I like to find shortcuts for programming problems. While working on the ELMS:LN web components project, I noticed they like to copy-paste br tags to show off intersection observers. So, to make life easier, I made a simple b-r tag. It apparently makes kittens cry.
These are used for conditional rendering. An element on the page using intersection observers will not render until the viewable page is within a certain range of the element. For example, say at the end of a long webpage is a wikipedia element. The actual rendering of the wikipedia page, and the API calls to get the information, won't occur until the element is visible on the page. This is very helpful for slower or more taxed connections.
The b-r tag does not use intersection observers, but it was created to show off the usage of it. b-r has two modes; numbered and automatic. The developer can supply an amount of br tags to insert, and the element will create the line breaks. If no input is supplied, the tag will get the height of the viewable window and insert br tags to push the rest of the content off of the screen.
My first solution was not elegant, but it worked. (Shamefully, my mentality with most first iterations.) I had a simple for loop to add the tags to the page. During my IST 402 class, my professor used my tag to teach on tag properties and a different way to add tags to html code. He also helped us understand how to make a tag stateful. Honestly, the best help this tag needed.

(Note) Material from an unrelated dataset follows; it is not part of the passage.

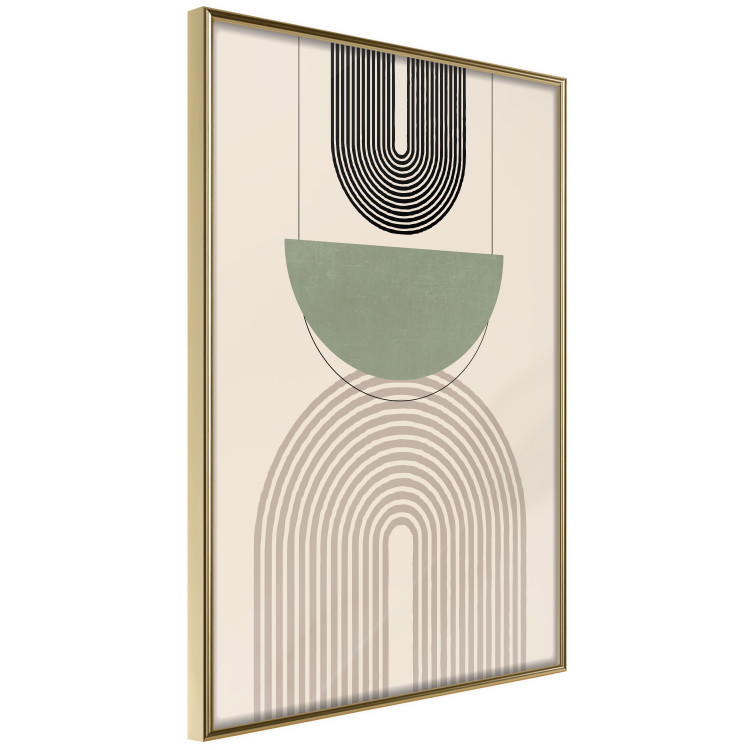 Wall Poster Abstraction - Geometric Forms - Black, Brown and Green 149894 additionalImage 6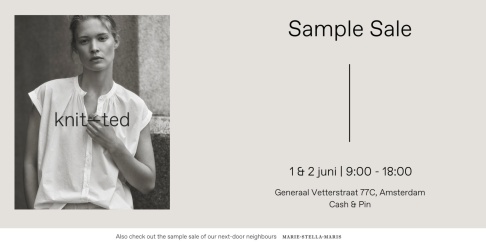 Knit-ted sample sale  - 1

b-r is a tag I made in less than a day for a specific use case. I know copy-pasting a br tag is easy, I'm guilty of that. While the first iteration of just user input was not extremely helpful, I believe the second iteration of conditional numbering based on window height can be useful when working across developers.
This is by far not the last web component I will make or work on; My barcode-reader still has a ways to go. Maybe I'll get the chance to bring that project to THON. Either way, web components are here to stay, and I don't plan on going anywhere. Highly adaptable, very useful, and easily portable.
Except with dev.to. Social media isn't really my thing, but I try to stay updated. So expect monthly(?) updates.